Four Courts Marshalsea (Ireland) Act 1842
- Parliament of the United Kingdom
- Long title: An Act for consolidating the Four Courts Marshalsea, Dublin, Sheriffs Prison, Dublin, and City Marshalsea, Dublin, and for regulating the Four Courts Marshalsea in Ireland.
- Citation: 5 & 6 Vict. c. 95
- Territorial extent: United Kingdom

Dates
- Royal assent: 10 August 1842
- Commencement: 10 August 1842
- Repealed: 20 June 1892

Other legislation
- Repealed by: Statute Law Revision Act 1892

Status: Repealed

Text of statute as originally enacted

= Four Courts Marshalsea (Ireland) Act 1842 =

Act of the Parliament of the United Kingdom

The Four Courts Marshalsea (Ireland) Act 1842 (5 & 6 Vict. c. 95) was an act of the Parliament of the United Kingdom that consolidated three prisons for debtors in Dublin — the Four Courts Marshalsea, the Sheriffs Prison, and the City Marshalsea — into a single prison, the Four Courts Marshalsea, and made further provision for its regulation.
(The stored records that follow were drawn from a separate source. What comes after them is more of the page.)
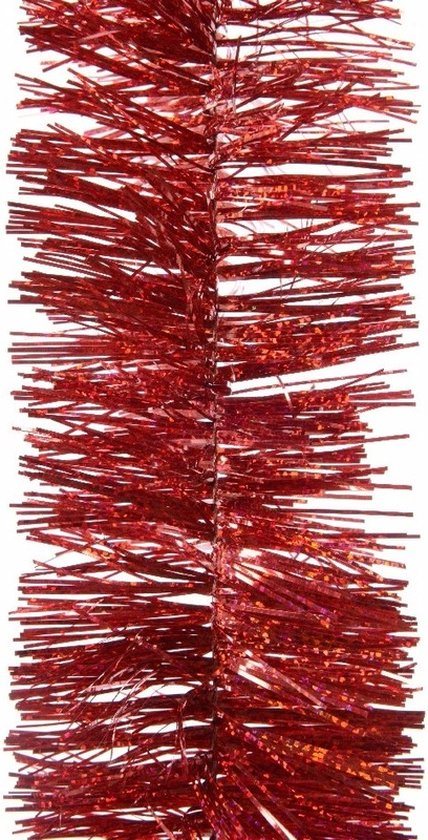 2x Kerstboom folie slinger rood 270 cm - rode kerstslingers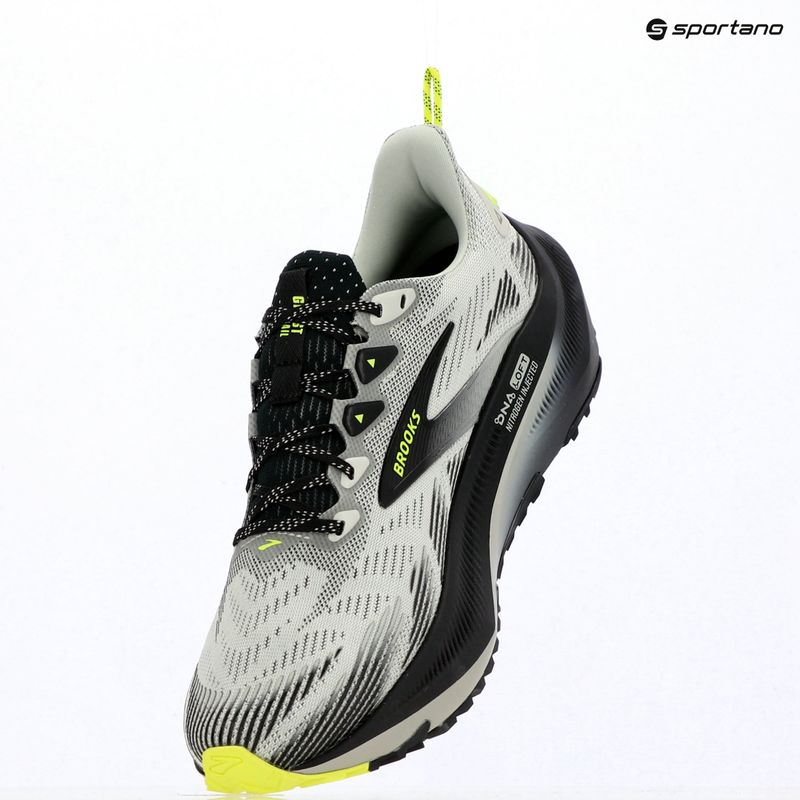 Férfi futócipők Brooks Ghost Trail grey/black/nightlife 7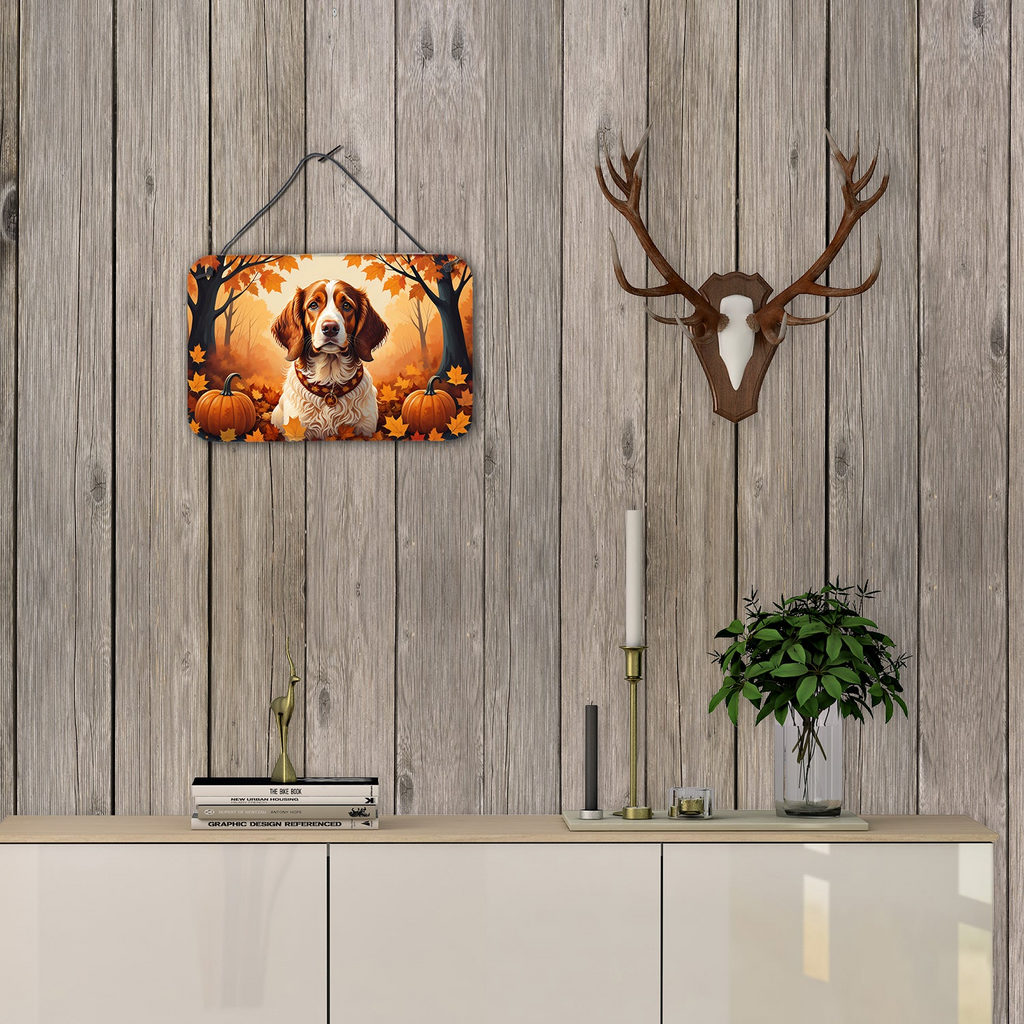 Glamorous Pups : Brittany Spaniel Fall Wall or Door Hanging Prints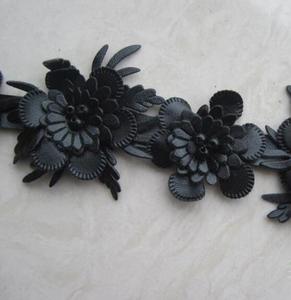 Bán Buôn DIY Hot 5Cm Cổ Áo Phụ Kiện Handmade Phụ Kiện Ngọc Trai Ren Đính Cườm Trang Trí Da Ren Hoa Trims - Product Image 3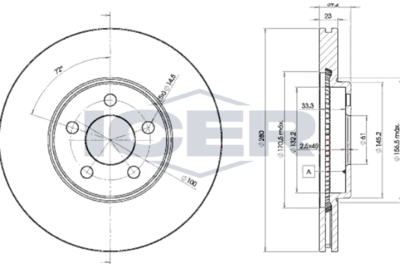 Tarcza hamulcowa ICER 78BD5300-2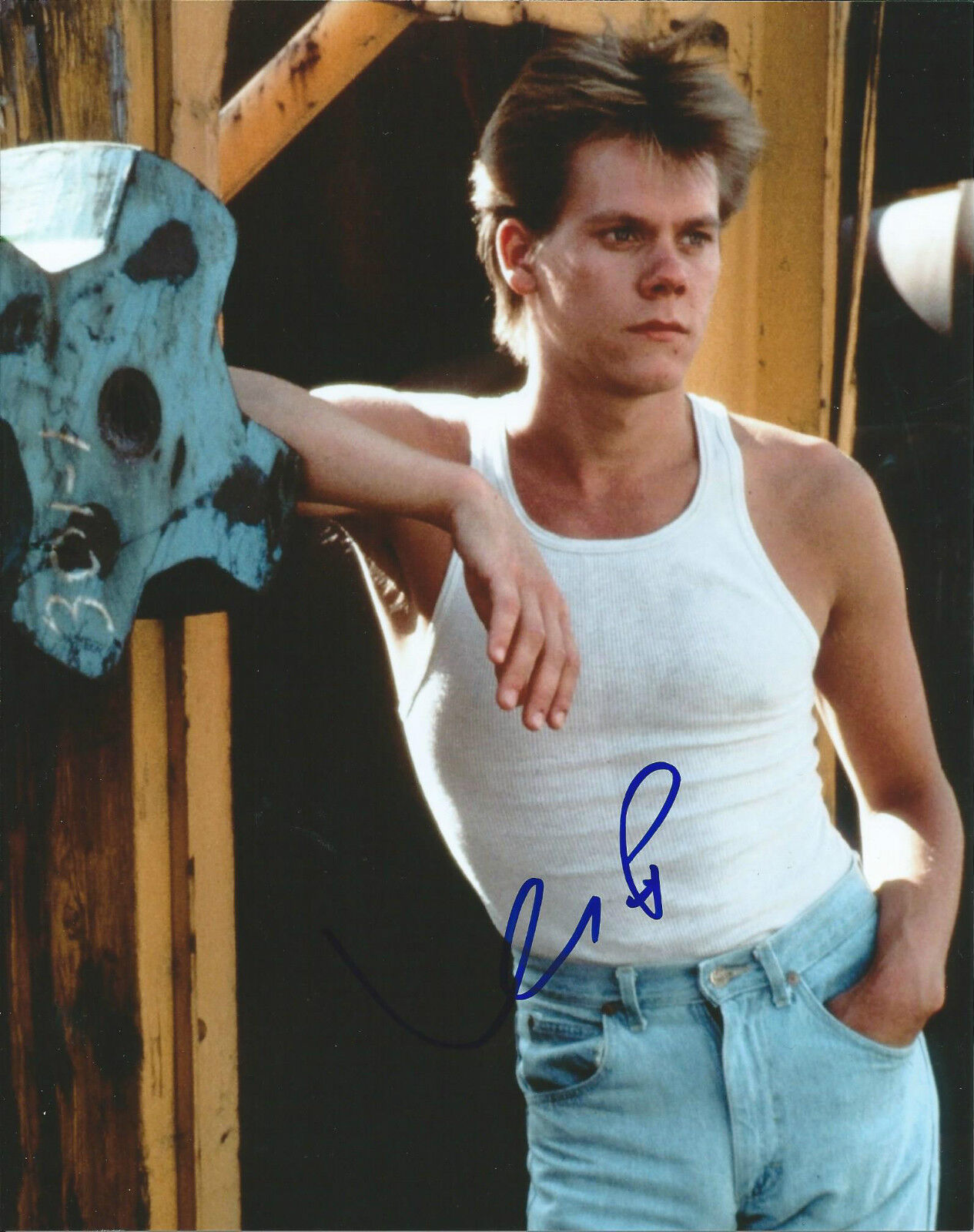 **GFA Footloose Movie *KEVIN BACON* Signed 8x10 Photo Poster painting K3 COA**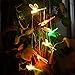 Dragonfly LED Solar Wind Chime Night Light, Color-Changing (Clear Dragonfly)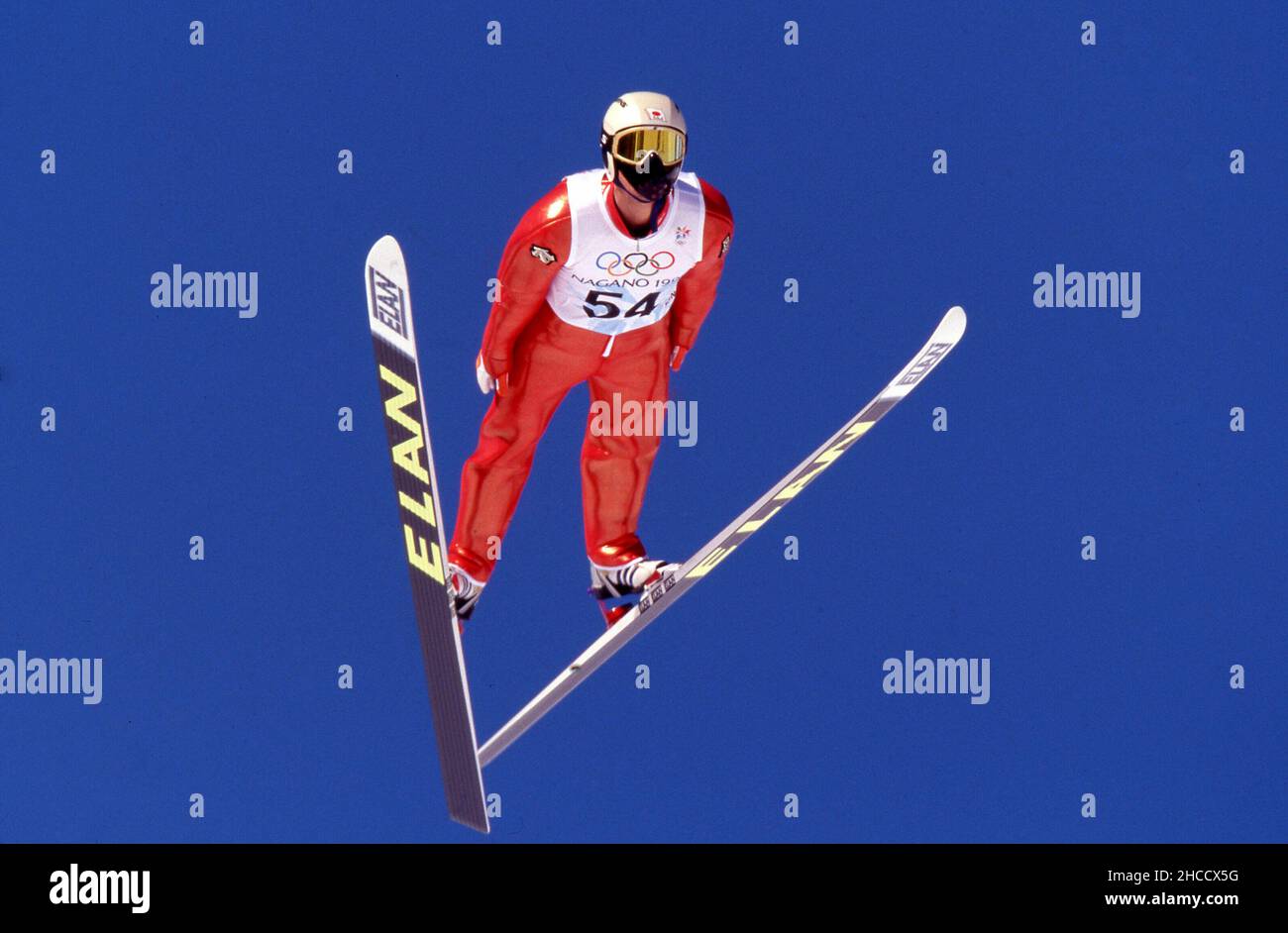 Nagano, Japan. 26th Dez, 2021. firo: Sport, Wintersport Olympia, Olympiade, 1998 Nagano, Japan, Olympische Winterspiele, 98, Archivbilder Skispringen, MV§nner, Men Hiroya Saito, Japan Credit: dpa/Alamy Live News Stockfoto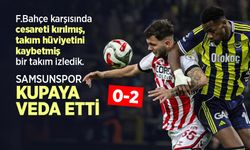 SAMSUNSPOR KUPAYA VEDA ETTİ 0-2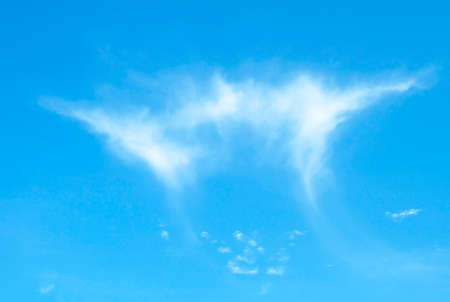 The vast blue sky and clouds sky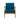 Kaleidoscope - Club Chair With Slat Paneling - Blue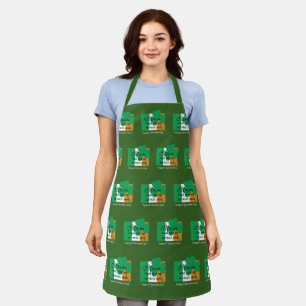 HAPPY ST PATRICK'S DAY   Shamrock   Irish Blessing Apron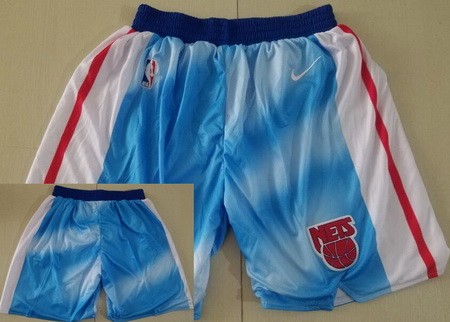 Men's Brooklyn Nets Blue Classic Swingman Shorts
== Subsequent developments ==
The Four Courts Marshalsea itself was later closed by the Four Courts Marshalsea Discontinuance Act 1874 (37 & 38 Vict. c. 21), owing to the small and diminishing number of prisoners confined there in proportion to its staff.

The whole act was repealed by section 1 of, and the schedule to, the Statute Law Revision Act 1892 (55 & 56 Vict. c. 19), which came into force on 20 June 1892.